**Assigned task:** Restate the data exactly as given and keep the pictures out.

**Data shown:**
- - - -

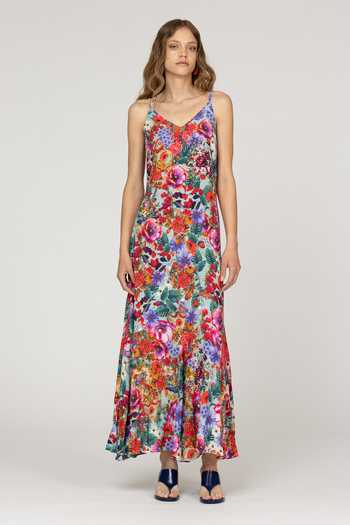 Buy_Inoa_Multi Color Silk V-neck Aria Printed Dress _Online_at_Aza_Fashions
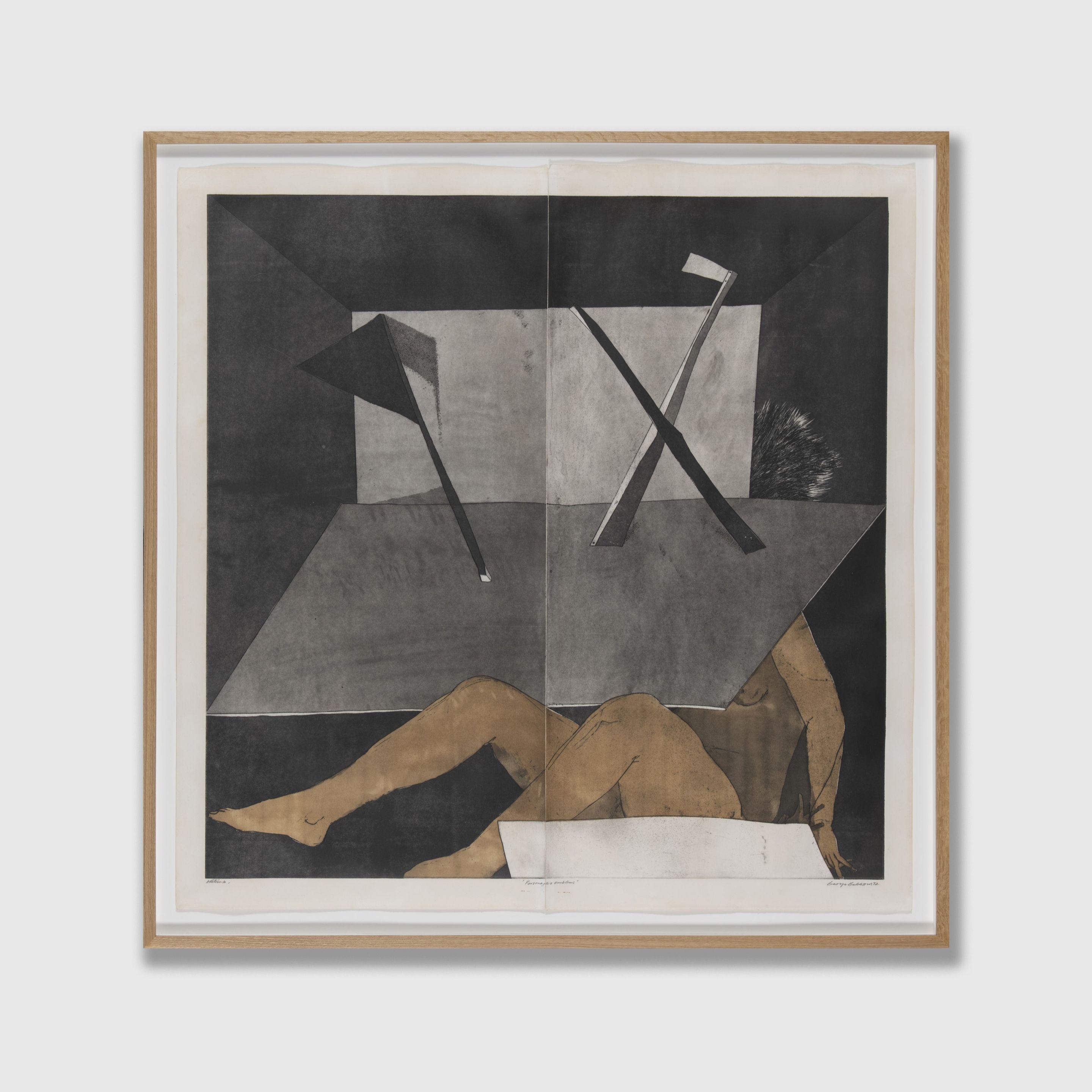 George Baldessin - Personage and Emblems, 1972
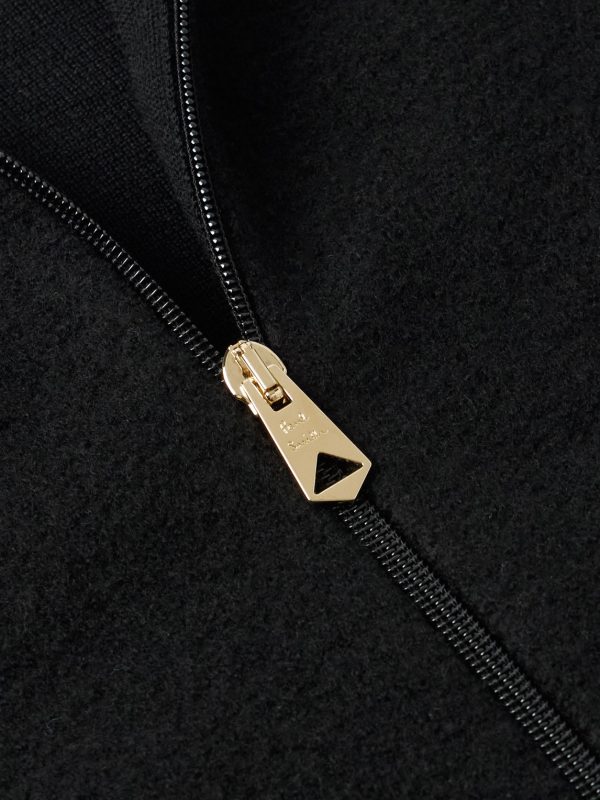 Stripe-Trimmed Wool Zip-Up Cardigan - CU Stripe-Trimmed Wool Zip-Up Cardigan - CU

- - - -

**Finished exercise:**
 Buy_Inoa_Multi Color Silk V-neck Aria Printed Dress _Online_at_Aza_Fashions
 George Baldessin - Personage and Emblems, 1972
 Stripe-Trimmed Wool Zip-Up Cardigan - CU Stripe-Trimmed Wool Zip-Up Cardigan - CU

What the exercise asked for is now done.